That this damage occurs with a coincidental rate equivalent to 12 dB/octave is curious. But this gives us a chance to verify the relationship of Bark bandwidths to Hz frequency. We know the damage rate is on average about 3.5 dB/Bark among nearly everyone. From a multitude of measurements on different individuals, we found damage slopes ranging from 3.1 to 4.0 dB/Bark, with an average around 3.5 dB/Bark.

For this to be closely equivalent to 12 dB/octave – and the equivalence is very close indeed – this means that at these higher frequencies, near the oval window end of the basilar membrane, we must have 1 Bark width = 0.29 octave. And that too is very nearly correct, based on other kinds of measurements.
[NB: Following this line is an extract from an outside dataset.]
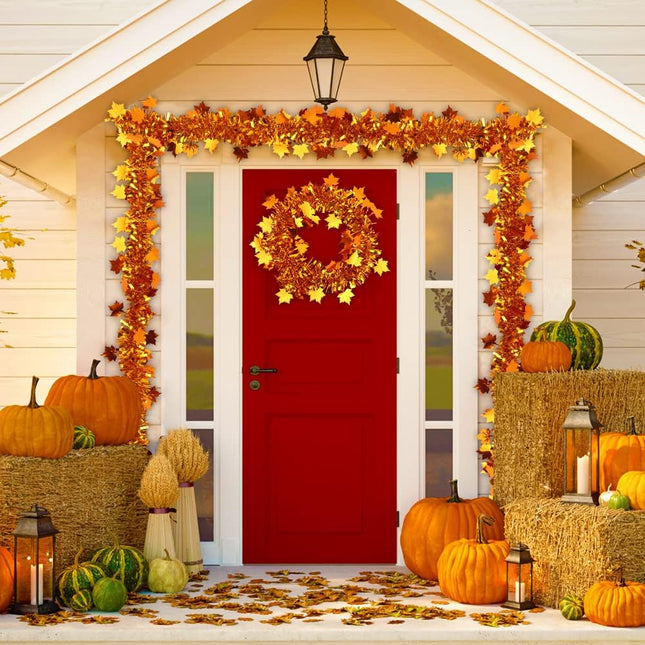 DIYDEC Maple Leaf Tinsel Garland – 33FT Golden Copper Hanging Fall Party Décor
But our confused use of an 8 kHz HPF aroused some suspicion when I reexamined it. It seems daft to consider such a device in this context. The damage rate probably also matches the roll off from a 10 kHz or higher HPF. It is the 12 dB/octave roll off that we match. And that seems just a point of curiosity.

I’d love for there to be some deeper physics reason for such a damage roll off. But I cannot think of anything.

Anyway, this is an indication of the circuitous route we all follow on the way to major discoveries. A lot of tangents, nonsense, constantly reconsidering, and coincidences, along the way. It seems daft, but this one also gave us another method for estimating Bark bandwidths. They are a little bit narrower than 1/3 octave filter banks found in graphic equalizers.

- DM